The Seven Churches in Anthroposophy are the seven post-Atlantean culture-epochs, read by Rudolf Steiner from the seven letters that open the Book of Revelation. In Reading the Pictures of the Apocalypse (GA 104a, 1909), Steiner shows that the addresses to Ephesus, Smyrna, Pergamos, Thyatira, Sardis, Philadelphia and Laodicea are not seven congregations in Asia Minor but the seven great ages of soul-development between the Atlantean flood and the future War of All against All. The apocalyptist holds the seven stars, the guiding spirits of these epochs, and writes to each age in turn. Ephesus, the first letter, recalls the ancient Indian culture that has left its first love. The series traces how humanity descends into matter and may rise again, naming the danger of the second death along the way.

The leading power behind these cultural epochs is presented with the seven stars in his hand. Looking at the cultural epoch that saw the outer world as maya or illusion, we find there the chorus of seven holy Rishis, who point to Vishva Karman. The writer of the Apocalypse sees him as the being who has the wisdom of the seven stars in his hand. Above all the writer of the Apocalypse must look into the future. Because he is speaking to the descendants of the Atlantean cultural epoch he refers to what lives in their memories. So he calls the Nicolaitans the representatives of black magic, who are excluded from the community that preserved the “first love.”

Rudolf Steiner, Reading the Pictures of the Apocalypse (GA 104a, lecture of 13 May 1909, Kristiania)

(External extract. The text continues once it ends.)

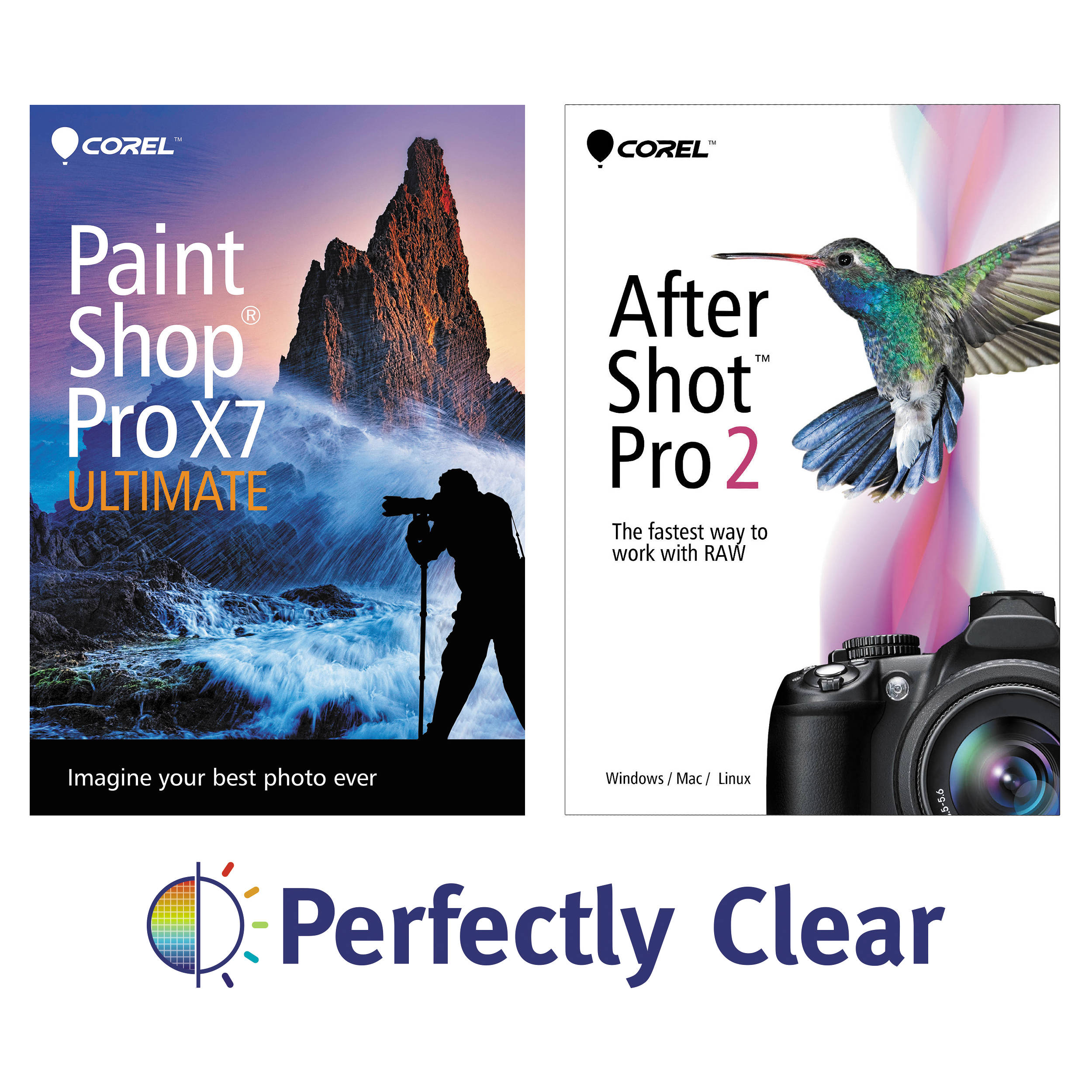 PaintShop Pro X7 Ultimate Pack mac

Read this way, the seven churches map onto the seven culture-epochs that Steiner laid out across his lecture cycles: the ancient Indian, the ancient Persian, the Egypto-Chaldean, the Greco-Latin, our own fifth age, and the sixth and seventh still to come. Ephesus, the opening letter, belongs to the dreamlike clairvoyance of ancient India, the age that beheld the world as maya and has since left its first love behind. Each later letter measures how much further the soul has stepped into physical matter, and each carries the same double edge: an opening for those who keep faith with the spirit, a warning for those who do not. Schools of spiritual science that work from the Goetheanum in Dornach, the worldwide centre Steiner founded in 1913, still teach this sequence as a single arc of consciousness rather than a calendar of congregations. The reading keeps the letters whole instead of splitting them among the seals and trumpets, which Steiner assigns to the great epochs that follow our own. What a student takes from it is a way of placing the present: our culture is the fifth letter in a series of seven, halfway down the descent and already turning, in places, back toward the light. The individual letters, Ephesus and Philadelphia and Laodicea among them, each carry their own distinct task within that single unfolding.